I’m sure it would generate no dissent to say that religion persists in the more intellectually deficient in society. There are many routes to atheism, but a major highway is simply being unable to swallow the utterly inconsistent and irrelevant claims and commitments all religion requires, and this is the function of a functioning brain. And it is this thought which makes it surprising to me that even parents who are unconvinced by religion often still allow it to indoctrinate their children. Perhaps they hope that those children will find and retain the comfort of believing there is any point to anything. But in doing so they seem to be making a somewhat unfortunate bet: that their children will be too stupid to think their way out of delusion.

And, if those children turn out to be sufficiently intelligent to make this escape, they are automatically condemned to have a wrenching loss of worldview. Religion never stopped with wanting to explain the provenance of the universe, it had ambition and reached into everything.

It is almost as if there is no real upside to allowing the memetic corruption of minds.

Extreme, Close Up

Good people are extremists. And, though it is not going to be the subject here, it is worth noting that sentence structure is hugely important for meaning, since it is also the case that extremists are not necessarily good people (those of you with pencils might want to Venn that).

I would say that one’s values don’t matter except insofar as they are discharged with extremity. I might say that one’s values don’t even manifest unless they are equally discharged (apologies for the constant use of ‘discharge’, another word ruined, presumably by the people who took ‘incontinently’ away from us). However I am not sure whether what I am going to say is more about values or the actions springing from them.

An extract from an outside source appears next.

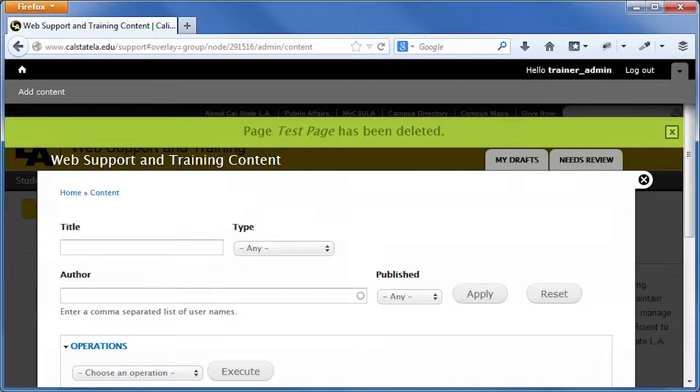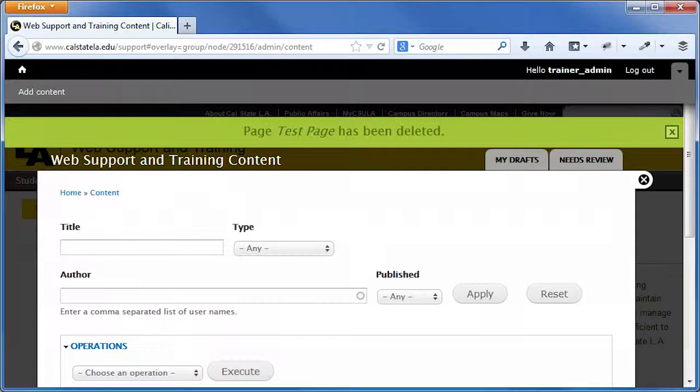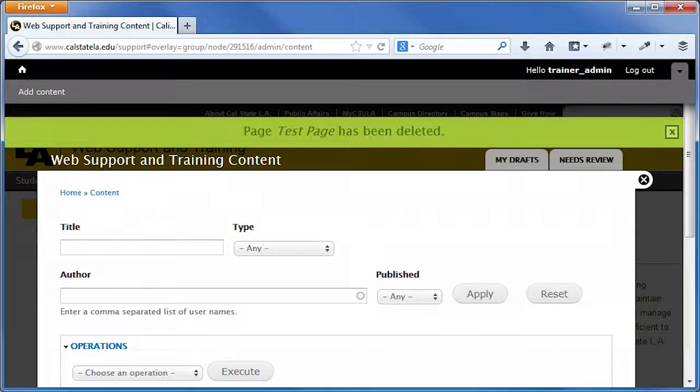Note that content can also be deleted by navigating to the page that you want to delete, clicking the New Draft or Edit Draft tab at the top of the page, clicking the Delete button at the bottom of the edit form, and then clicking the Delete button on the confirmation page.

I am a relativist, and I feel very glad that such was my ground state inclination, since had I been drawn to absolutism, and so likely some form of theism, I would no doubt be of the tome-thumping, loincloth-wearing, reality-denying, heretic-bothering, diet-proscribing, fashion-dictating, happiness-questioning type. Since I believe that what I believe matters, and that those beliefs need to guide actions and to do so with integrity and a certain amount of force, it is that ground state which dictates what kind of good person I am.

This is not something that most absolutists understand, and I have often been presented with the idea that relativism is relative because it has somehow weak-willedly fallen short of achieving absolutism. But this is not the case. I believe that there is no ultimate ground of, classic example, morality with a force and fury that could unsettle. I hold my right not to place the status of my own beliefs above those of others, except where it’s impractical not to, with colossal conviction. And I will respect the right of others to hold their own beliefs with a sure and unwavering certainty matched only in its magnitude by, typically, the utter lack of respect I have in the specifics of those beliefs.

Of course, there will be self-styled relativists who do not feel this way. As there are people lazily subscribing to an absolutist position without understanding that they have no consistent option not to constantly upend and harass dissenters. But both of these are examples of non-good people. The good people are those with the extremity to inhabit the normativity of their own natures and the shackles of whatever belief system enfolds them.

Which, of course, if nothing else has, shows the utter lack of point of using a word like ‘good’ without defining it first. But in many cases definitions are golden goose eggs. Pay too much attention to acquiring them, and you simply have a dead goose.